Why do we do that? Why do we find it so hard to remember and appreciate that rock stars are human too, and as such are susceptible to the same deficiencies and weaknesses as the rest of us?
Another enlightened writer or philosopher once remarked that a writer of fiction needed to know and understand sorrow and misery, while a writer of poetry should embrace the grief and pain of loss. Given that many rock stars routinely pour their hearts out to the thrash and clang of electric guitars, perhaps we should perceive some similarities between modern rock icons and poets of yesteryear.
Samuel Taylor Coleridge, for example. Here is a man who is regarded as one of the most important poets of the nineteenth century. A self-confessed and widely documented user of opiates. If not for substance abuse would we the literary world ever have got to enjoy Kubla Khan or the Rime of the Ancient Mariner? Alexander Pope is another celebrated poet, but he too was a drug user and serial womanizer. John Clare: destitute and lived in mental hospitals for much of his life and yet is still revered as one of the finest pastoral poets ever to walk the meadows of Britain.

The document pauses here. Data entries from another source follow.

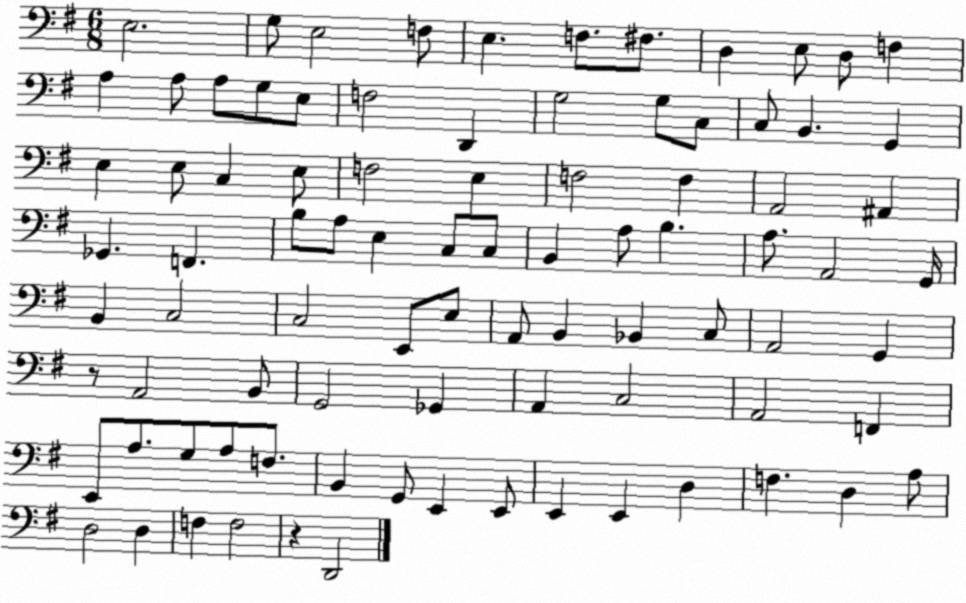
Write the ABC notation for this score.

X:1
T:Untitled
M:6/8
L:1/4
K:G
E,2 G,/2 E,2 F,/2 E, F,/2 ^F,/2 D, E,/2 D,/2 F, A, A,/2 A,/2 G,/2 E,/2 F,2 D,, G,2 G,/2 C,/2 C,/2 B,, G,, E, E,/2 C, E,/2 F,2 E, F,2 F, A,,2 ^A,, _G,, F,, B,/2 A,/2 E, C,/2 C,/2 B,, A,/2 B, A,/2 A,,2 G,,/4 B,, C,2 C,2 E,,/2 E,/2 A,,/2 B,, _B,, C,/2 A,,2 G,, z/2 A,,2 B,,/2 G,,2 _G,, A,, C,2 A,,2 F,, E,,/2 A,/2 G,/2 A,/2 F,/2 B,, G,,/2 E,, E,,/2 E,, E,, D, F, D, A,/2 D,2 D, F, F,2 z D,,2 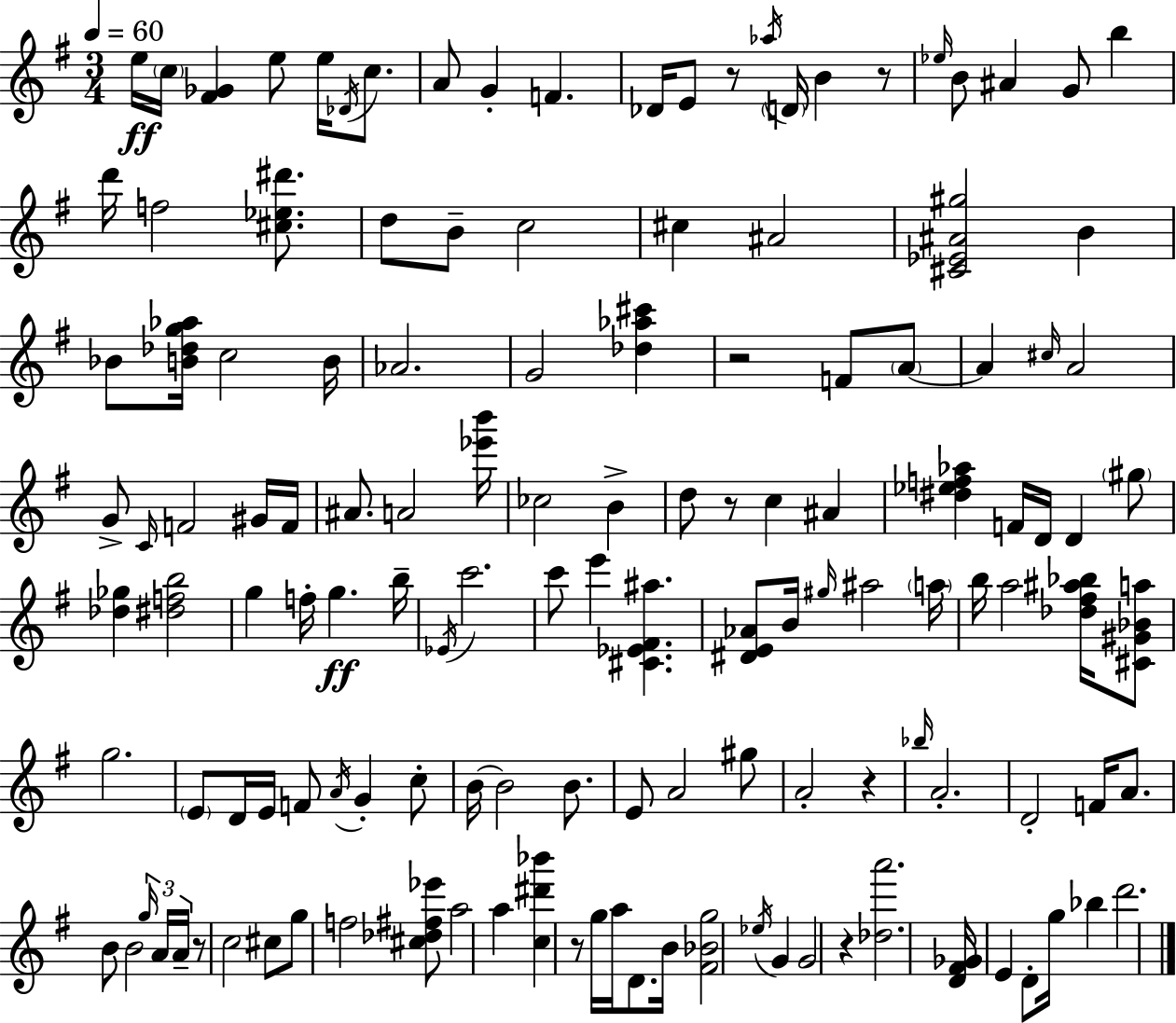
{
  \clef treble
  \numericTimeSignature
  \time 3/4
  \key g \major
  \tempo 4 = 60
  e''16\ff \parenthesize c''16 <fis' ges'>4 e''8 e''16 \acciaccatura { des'16 } c''8. | a'8 g'4-. f'4. | des'16 e'8 r8 \acciaccatura { aes''16 } \parenthesize d'16 b'4 | r8 \grace { ees''16 } b'8 ais'4 g'8 b''4 | \break d'''16 f''2 | <cis'' ees'' dis'''>8. d''8 b'8-- c''2 | cis''4 ais'2 | <cis' ees' ais' gis''>2 b'4 | \break bes'8 <b' des'' g'' aes''>16 c''2 | b'16 aes'2. | g'2 <des'' aes'' cis'''>4 | r2 f'8 | \break \parenthesize a'8~~ a'4 \grace { cis''16 } a'2 | g'8-> \grace { c'16 } f'2 | gis'16 f'16 ais'8. a'2 | <ees''' b'''>16 ces''2 | \break b'4-> d''8 r8 c''4 | ais'4 <dis'' ees'' f'' aes''>4 f'16 d'16 d'4 | \parenthesize gis''8 <des'' ges''>4 <dis'' f'' b''>2 | g''4 f''16-. g''4.\ff | \break b''16-- \acciaccatura { ees'16 } c'''2. | c'''8 e'''4 | <cis' ees' fis' ais''>4. <dis' e' aes'>8 b'16 \grace { gis''16 } ais''2 | \parenthesize a''16 b''16 a''2 | \break <des'' fis'' ais'' bes''>16 <cis' gis' bes' a''>8 g''2. | \parenthesize e'8 d'16 e'16 f'8 | \acciaccatura { a'16 } g'4-. c''8-. b'16~~ b'2 | b'8. e'8 a'2 | \break gis''8 a'2-. | r4 \grace { bes''16 } a'2.-. | d'2-. | f'16 a'8. b'8 b'2 | \break \tuplet 3/2 { \grace { g''16 } a'16 a'16-- } r8 | c''2 cis''8 g''8 | f''2 <cis'' des'' fis'' ees'''>8 a''2 | a''4 <c'' dis''' bes'''>4 | \break r8 g''16 a''16 d'8. b'16 <fis' bes' g''>2 | \acciaccatura { ees''16 } g'4 g'2 | r4 <des'' a'''>2. | <d' fis' ges'>16 | \break e'4 d'8-. g''16 bes''4 d'''2. | \bar "|."
} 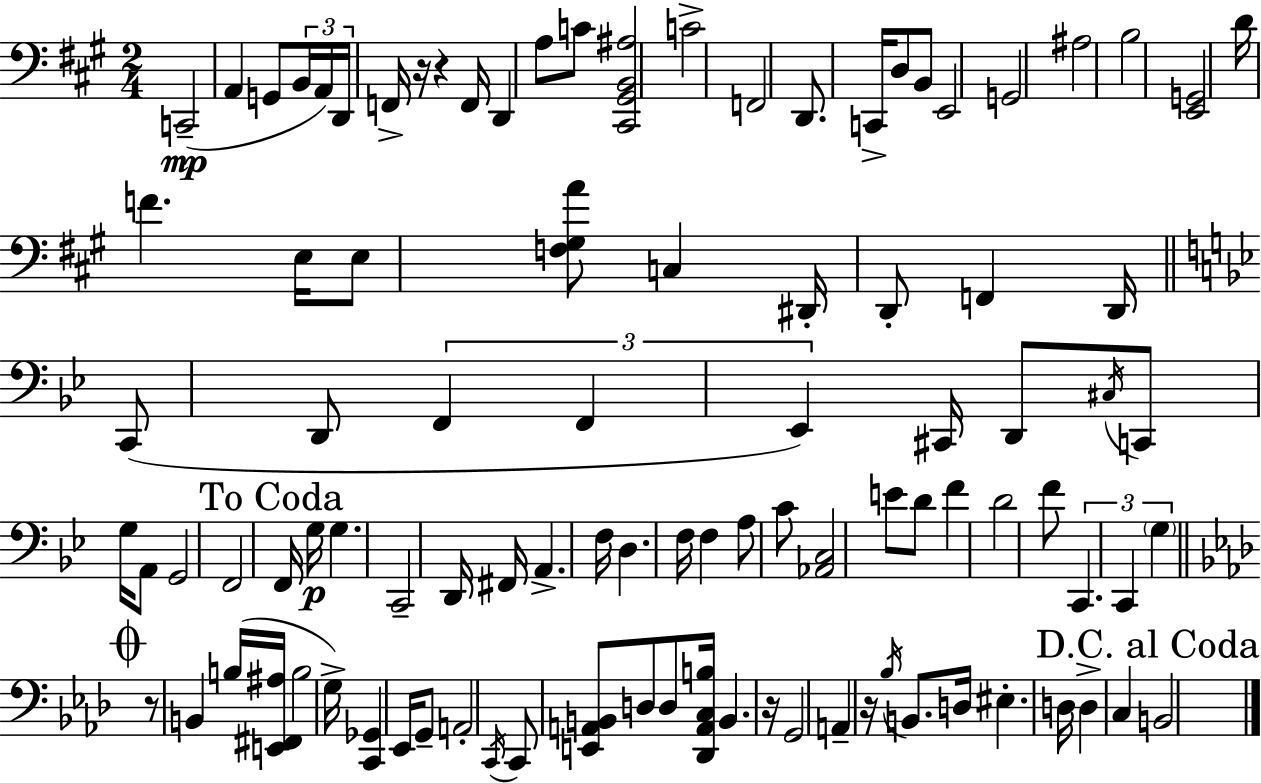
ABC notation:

X:1
T:Untitled
M:2/4
L:1/4
K:A
C,,2 A,, G,,/2 B,,/4 A,,/4 D,,/4 F,,/4 z/4 z F,,/4 D,, A,/2 C/2 [^C,,^G,,B,,^A,]2 C2 F,,2 D,,/2 C,,/4 D,/2 B,,/2 E,,2 G,,2 ^A,2 B,2 [E,,G,,]2 D/4 F E,/4 E,/2 [F,^G,A]/2 C, ^D,,/4 D,,/2 F,, D,,/4 C,,/2 D,,/2 F,, F,, _E,, ^C,,/4 D,,/2 ^C,/4 C,,/2 G,/4 A,,/2 G,,2 F,,2 F,,/4 G,/4 G, C,,2 D,,/4 ^F,,/4 A,, F,/4 D, F,/4 F, A,/2 C/2 [_A,,C,]2 E/2 D/2 F D2 F/2 C,, C,, G, z/2 B,, B,/4 [E,,^F,,^A,]/4 B,2 G,/4 [C,,_G,,] _E,,/4 G,,/2 A,,2 C,,/4 C,,/2 [E,,A,,B,,]/2 D,/2 D,/2 [_D,,A,,C,B,]/4 B,, z/4 G,,2 A,, z/4 _B,/4 B,,/2 D,/4 ^E, D,/4 D, C, B,,2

Wind forward to modern times and we see influencial musicians producing some of the defining sounds of several generations going through their own pains and anx. Hendrix, Cobain, Rose, Dillon even Sinatra (who I know isn't rock, but stills bears out the argument). Every one of these artists had and still has (those that are still with us) their own blend of problems. Would they have produced the same material if life had been a cake walk? I doubt it. Where would the roar anger of Nirvana come from without Kurt Cobain's personal history? Where would the poetry of sixties America come from without Dillon's personal take on events? It is their honesty that makes rock legends the legends they are, without that honesty it's just a load of syrupy, emotionless pop. Safe and sterile. Should we reward rock stars with personal issues for their honesty and refusal to go quietly into the night? Hell yeah.
Our experiences make us who we are. Anybody who has the guts to sing or write about those experiences and then pour it out for the masses to mull over should be celebrated.